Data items
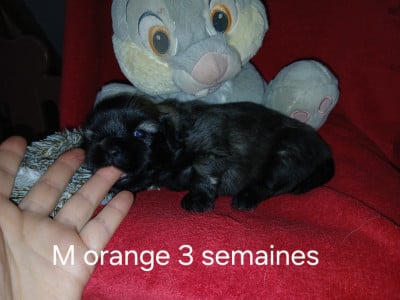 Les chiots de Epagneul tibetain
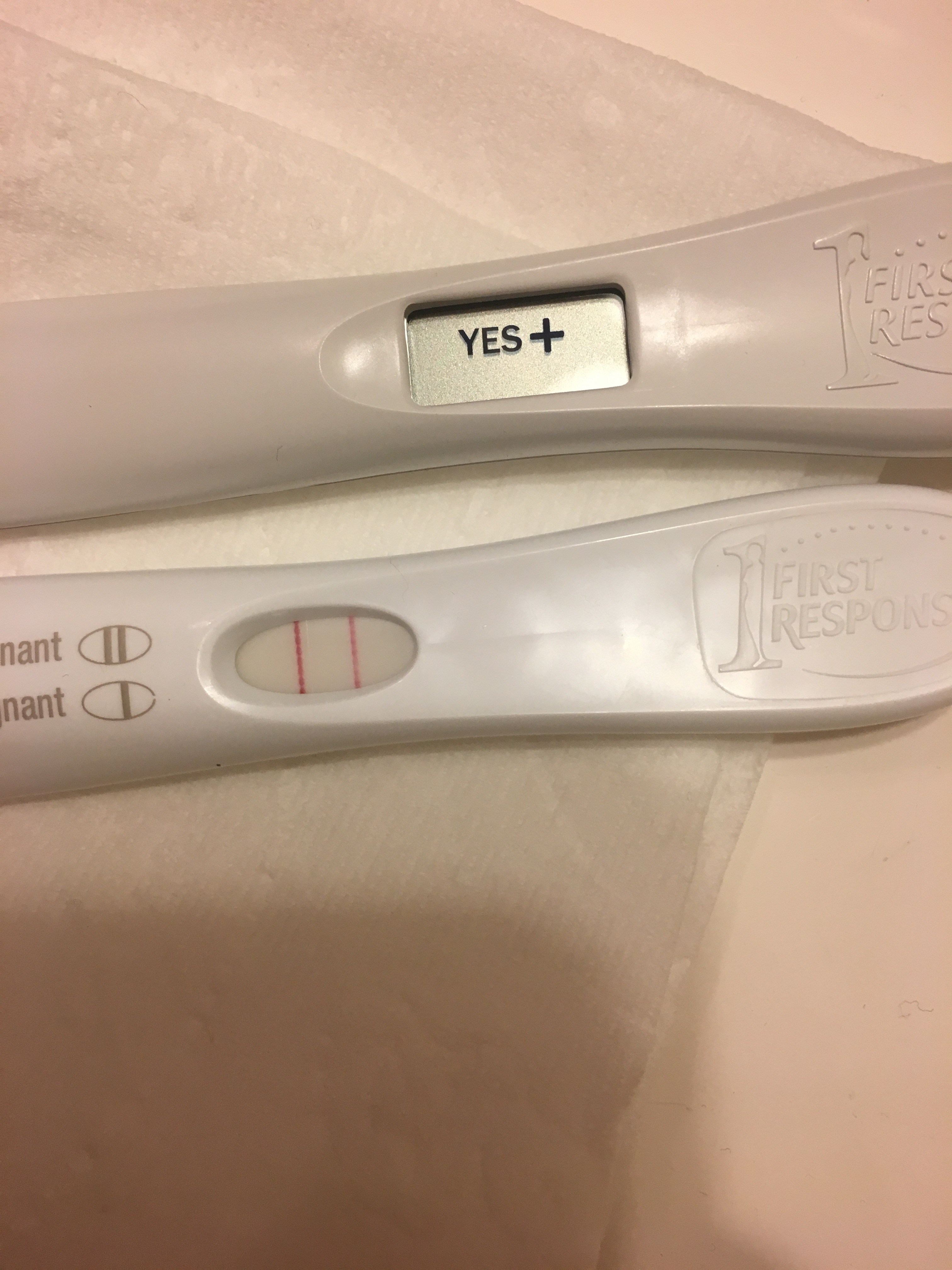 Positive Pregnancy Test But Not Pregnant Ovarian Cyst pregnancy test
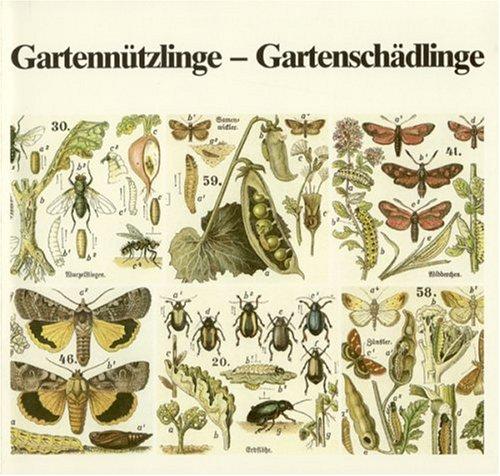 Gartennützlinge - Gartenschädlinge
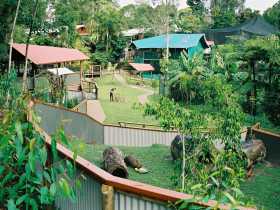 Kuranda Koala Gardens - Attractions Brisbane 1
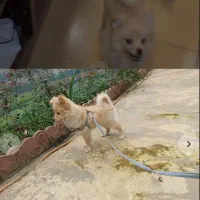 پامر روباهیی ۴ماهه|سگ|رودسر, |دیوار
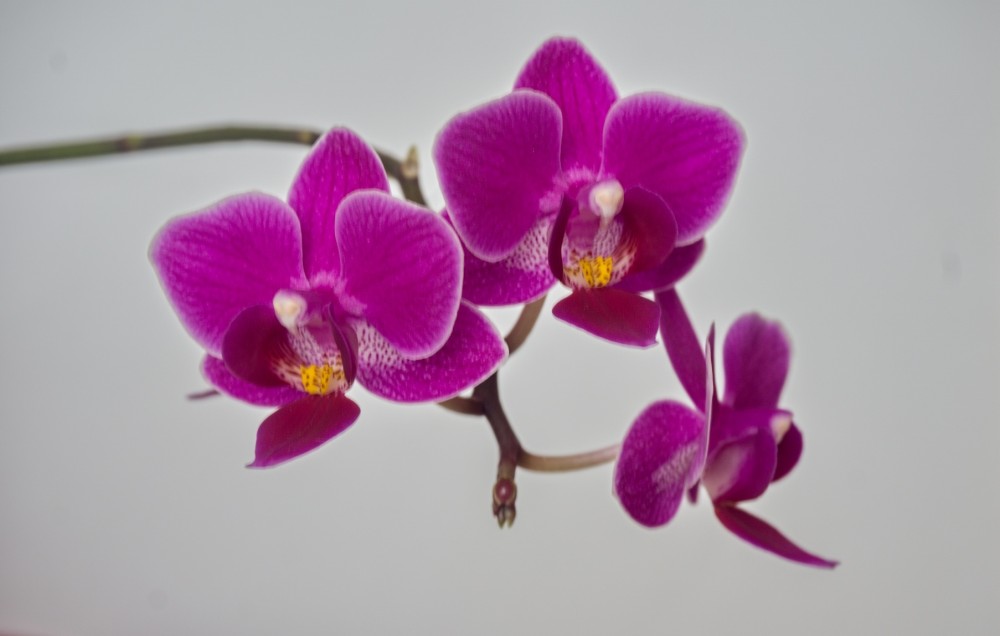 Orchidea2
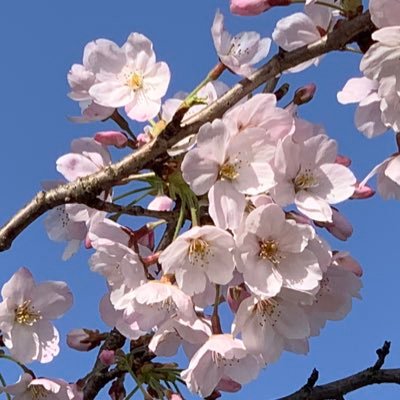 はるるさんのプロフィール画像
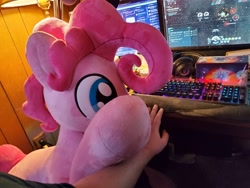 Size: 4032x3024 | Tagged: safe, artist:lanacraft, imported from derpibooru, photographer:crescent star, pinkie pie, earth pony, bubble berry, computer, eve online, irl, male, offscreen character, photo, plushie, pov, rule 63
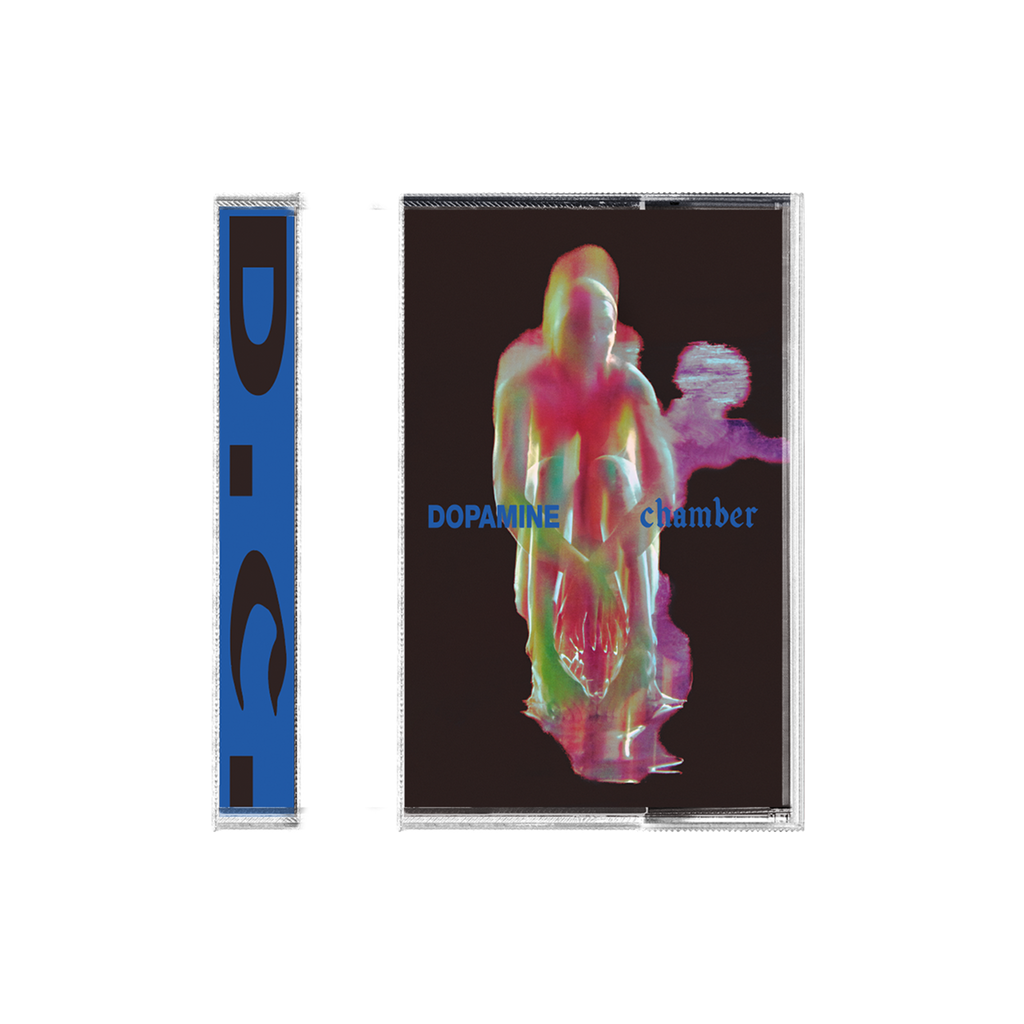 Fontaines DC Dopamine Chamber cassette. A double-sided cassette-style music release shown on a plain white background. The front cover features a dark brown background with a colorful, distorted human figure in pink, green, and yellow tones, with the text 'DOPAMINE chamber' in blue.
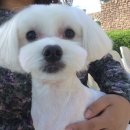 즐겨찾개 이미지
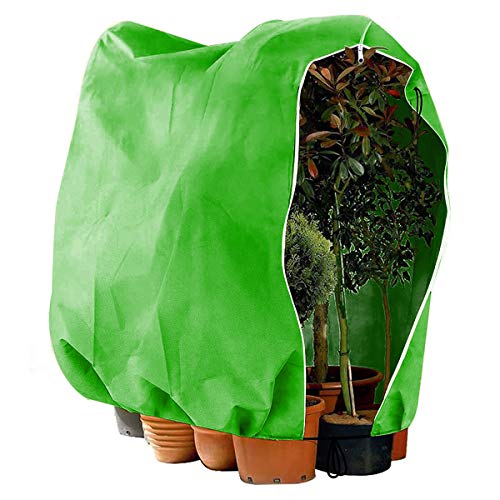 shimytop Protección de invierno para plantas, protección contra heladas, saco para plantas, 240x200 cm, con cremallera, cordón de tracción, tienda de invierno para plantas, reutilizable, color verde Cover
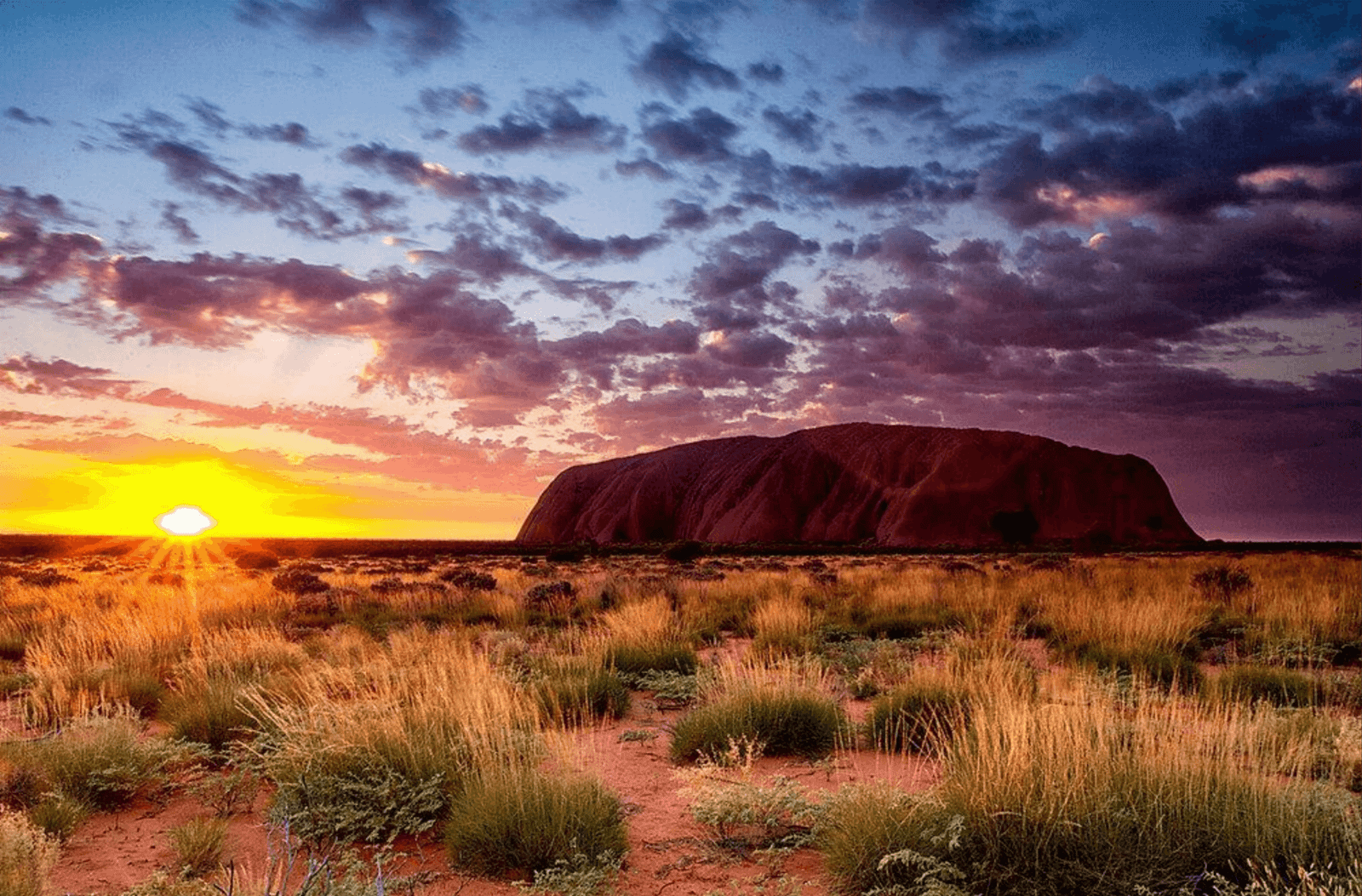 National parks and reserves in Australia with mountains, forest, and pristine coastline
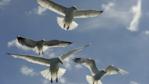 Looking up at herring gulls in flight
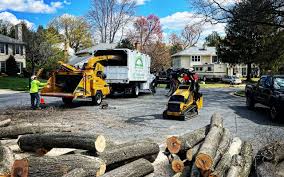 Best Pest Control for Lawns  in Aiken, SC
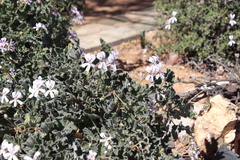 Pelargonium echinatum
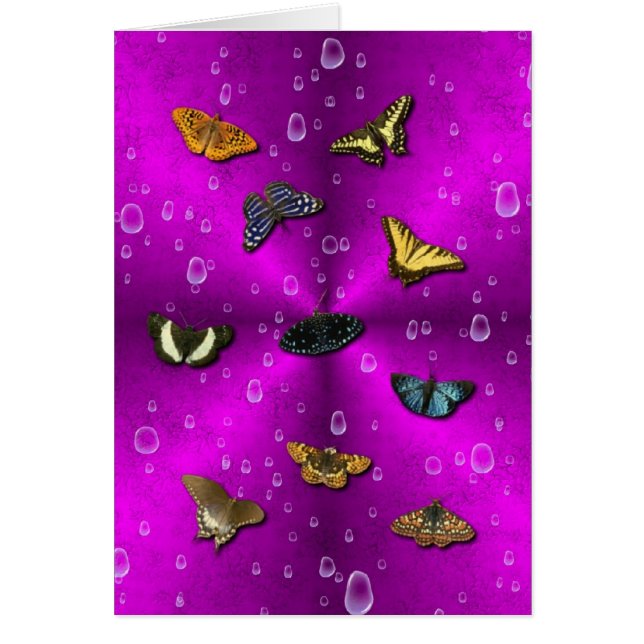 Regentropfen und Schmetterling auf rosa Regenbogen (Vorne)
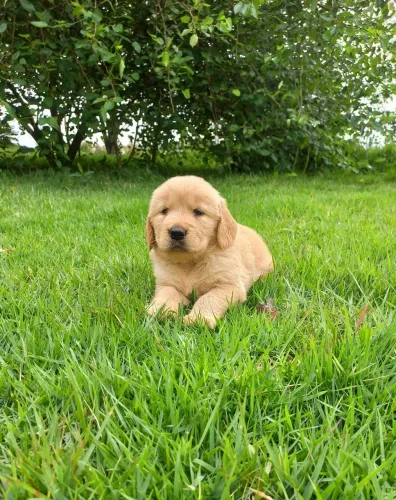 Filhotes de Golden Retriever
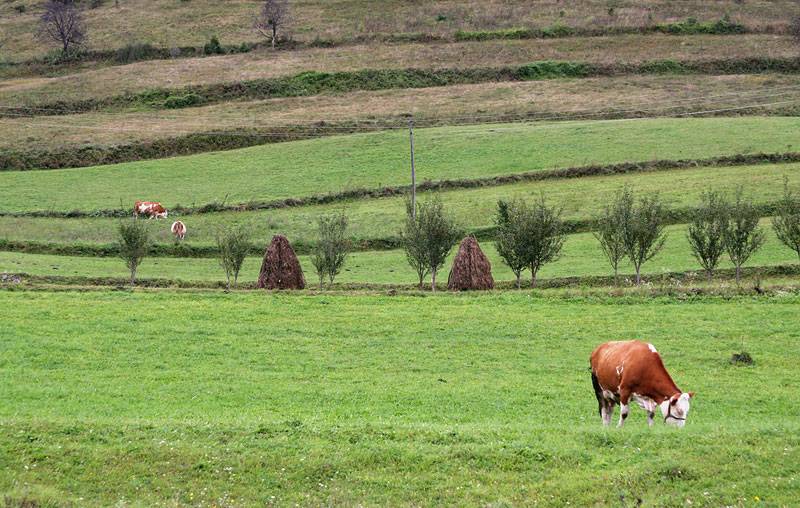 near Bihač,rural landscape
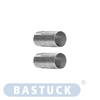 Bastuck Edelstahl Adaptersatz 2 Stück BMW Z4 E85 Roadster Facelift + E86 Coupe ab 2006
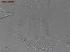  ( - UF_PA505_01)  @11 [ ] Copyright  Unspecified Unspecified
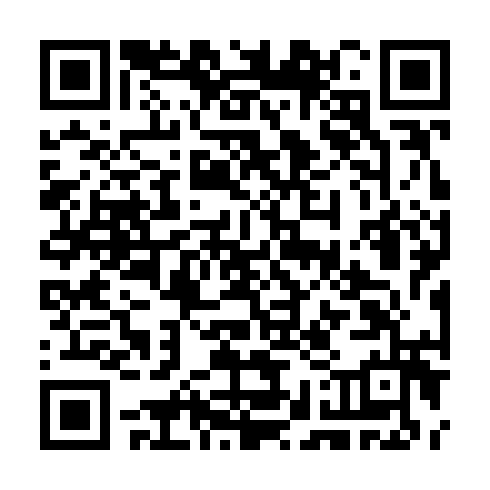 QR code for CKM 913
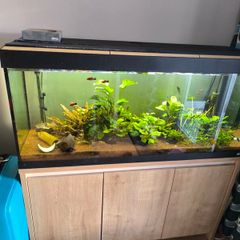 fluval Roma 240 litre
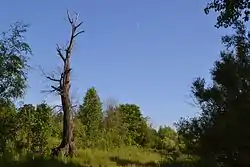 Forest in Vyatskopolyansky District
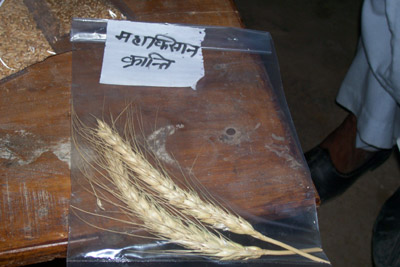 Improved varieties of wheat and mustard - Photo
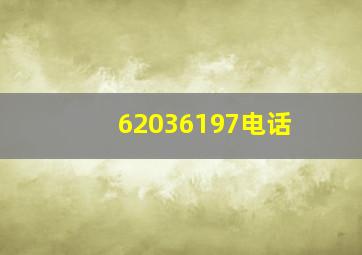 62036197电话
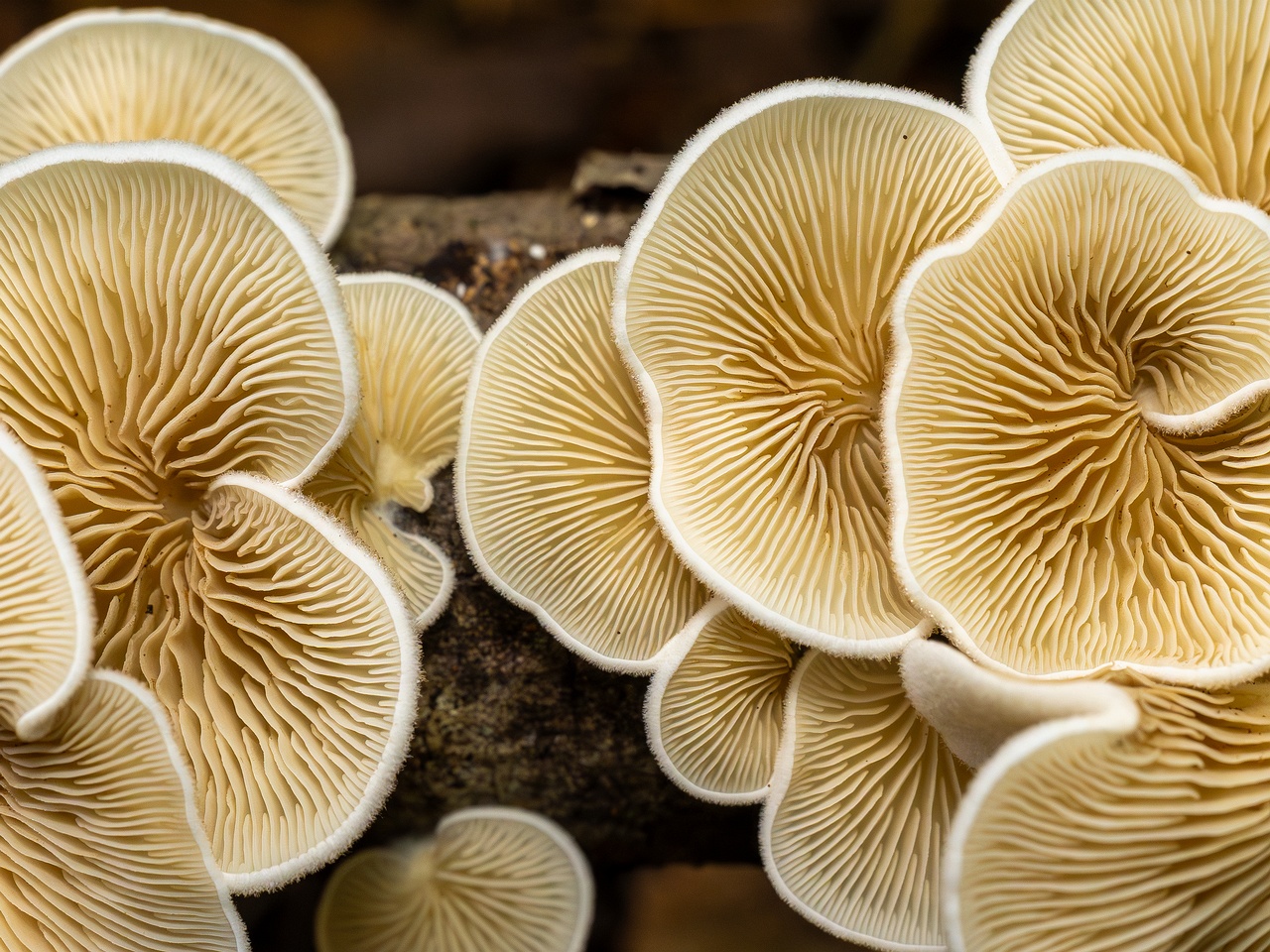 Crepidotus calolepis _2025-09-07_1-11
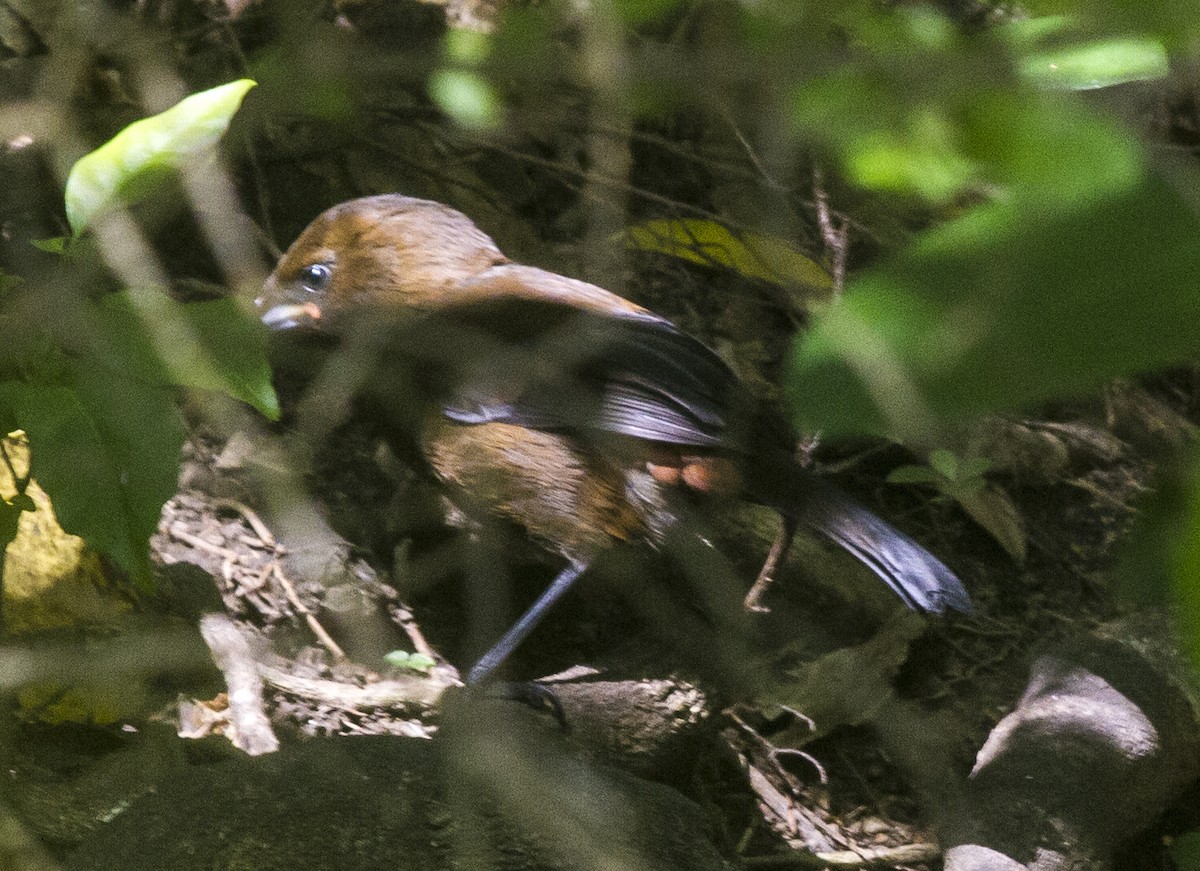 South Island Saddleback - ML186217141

* **Instructions to follow**:
Give every record back exactly as it reads, with no images.

* **Final answer**:
 Les chiots de Epagneul tibetain
 Positive Pregnancy Test But Not Pregnant Ovarian Cyst pregnancy test
 Gartennützlinge - Gartenschädlinge
 Kuranda Koala Gardens - Attractions Brisbane 1
 پامر روباهیی ۴ماهه|سگ|رودسر, |دیوار
 Orchidea2
 はるるさんのプロフィール画像
 Size: 4032x3024 | Tagged: safe, artist:lanacraft, imported from derpibooru, photographer:crescent star, pinkie pie, earth pony, bubble berry, computer, eve online, irl, male, offscreen character, photo, plushie, pov, rule 63
 Fontaines DC Dopamine Chamber cassette. A double-sided cassette-style music release shown on a plain white background. The front cover features a dark brown background with a colorful, distorted human figure in pink, green, and yellow tones, with the text 'DOPAMINE chamber' in blue.
 즐겨찾개 이미지
 shimytop Protección de invierno para plantas, protección contra heladas, saco para plantas, 240x200 cm, con cremallera, cordón de tracción, tienda de invierno para plantas, reutilizable, color verde Cover
 National parks and reserves in Australia with mountains, forest, and pristine coastline
 Looking up at herring gulls in flight
 Best Pest Control for Lawns  in Aiken, SC
 Pelargonium echinatum
 Regentropfen und Schmetterling auf rosa Regenbogen (Vorne)
 Filhotes de Golden Retriever
 near Bihač,rural landscape
 Bastuck Edelstahl Adaptersatz 2 Stück BMW Z4 E85 Roadster Facelift + E86 Coupe ab 2006
  ( - UF_PA505_01)  @11 [ ] Copyright  Unspecified Unspecified
 QR code for CKM 913
 fluval Roma 240 litre
 Forest in Vyatskopolyansky District
 Improved varieties of wheat and mustard - Photo
 62036197电话
 Crepidotus calolepis _2025-09-07_1-11
 South Island Saddleback - ML186217141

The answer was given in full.